## Provided data
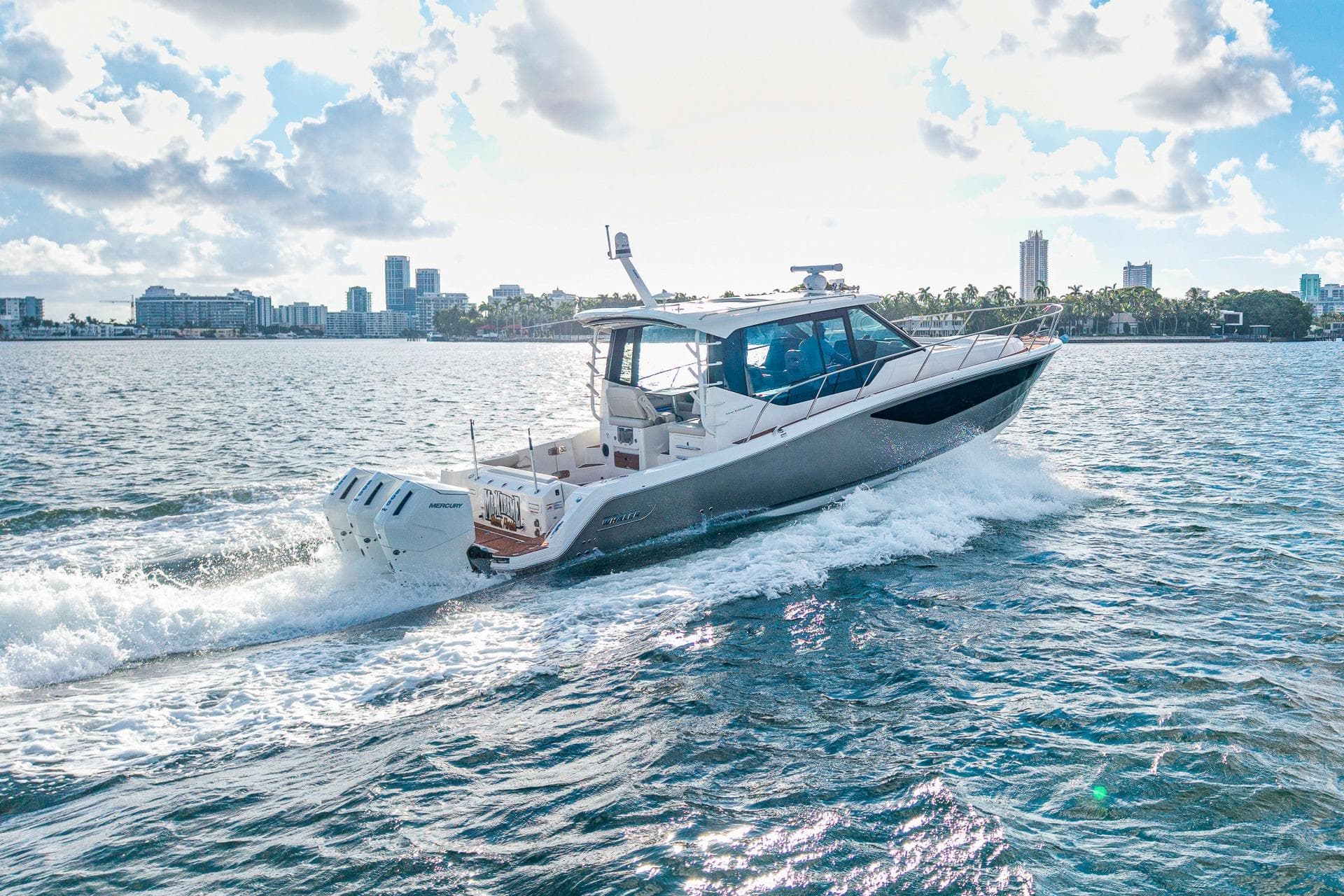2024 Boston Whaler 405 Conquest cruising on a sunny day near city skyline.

==

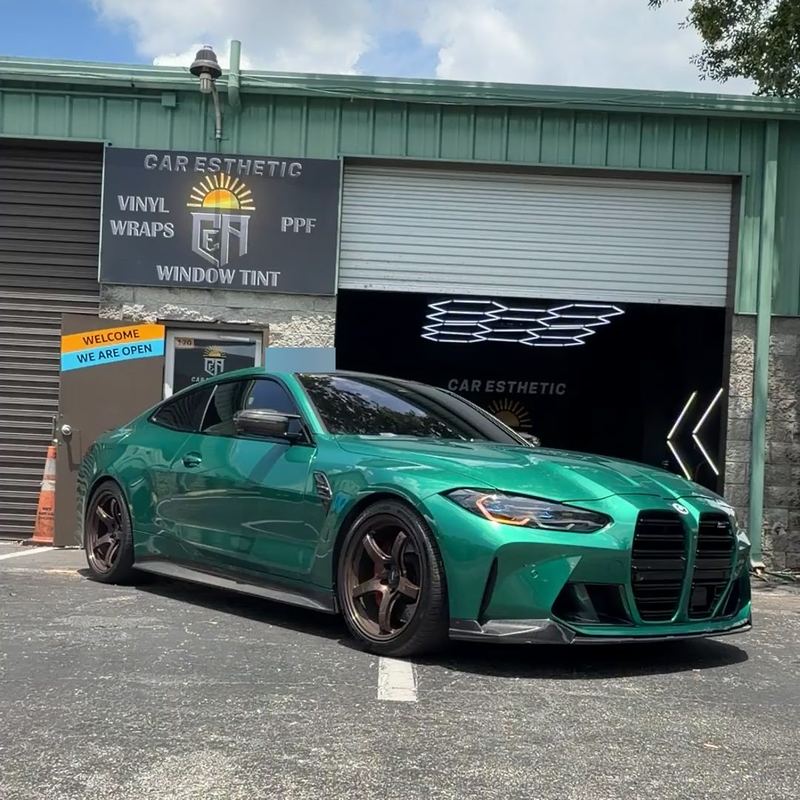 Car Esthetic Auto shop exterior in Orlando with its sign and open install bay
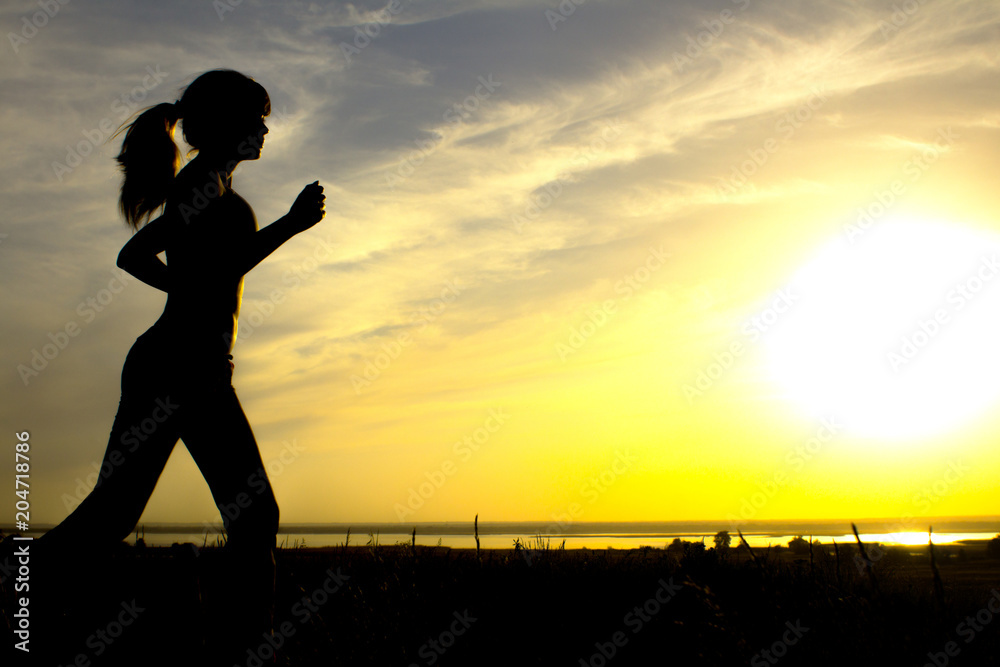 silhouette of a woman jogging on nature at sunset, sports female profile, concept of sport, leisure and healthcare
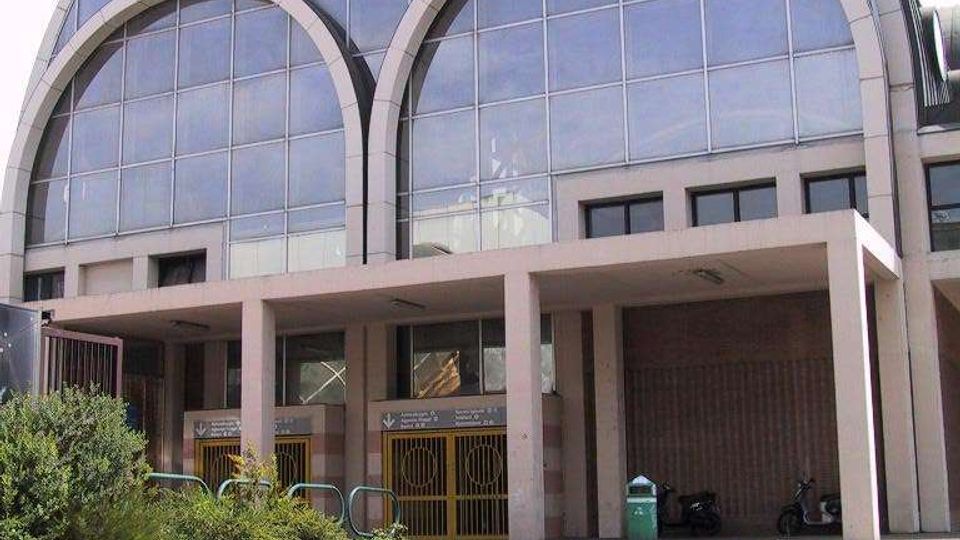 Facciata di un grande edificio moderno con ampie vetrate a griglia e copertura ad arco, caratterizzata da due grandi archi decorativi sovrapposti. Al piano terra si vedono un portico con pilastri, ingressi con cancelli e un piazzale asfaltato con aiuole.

---

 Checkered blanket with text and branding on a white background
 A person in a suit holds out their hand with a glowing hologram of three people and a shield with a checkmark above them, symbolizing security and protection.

## Your goal
In the listing above, the required lines run from the line with "Car Esthetic Auto" through the line with "Facciata di un". Output exactly those lines, omitting pictures.

## Result for this exercise
 Car Esthetic Auto shop exterior in Orlando with its sign and open install bay
 silhouette of a woman jogging on nature at sunset, sports female profile, concept of sport, leisure and healthcare
 Facciata di un grande edificio moderno con ampie vetrate a griglia e copertura ad arco, caratterizzata da due grandi archi decorativi sovrapposti. Al piano terra si vedono un portico con pilastri, ingressi con cancelli e un piazzale asfaltato con aiuole.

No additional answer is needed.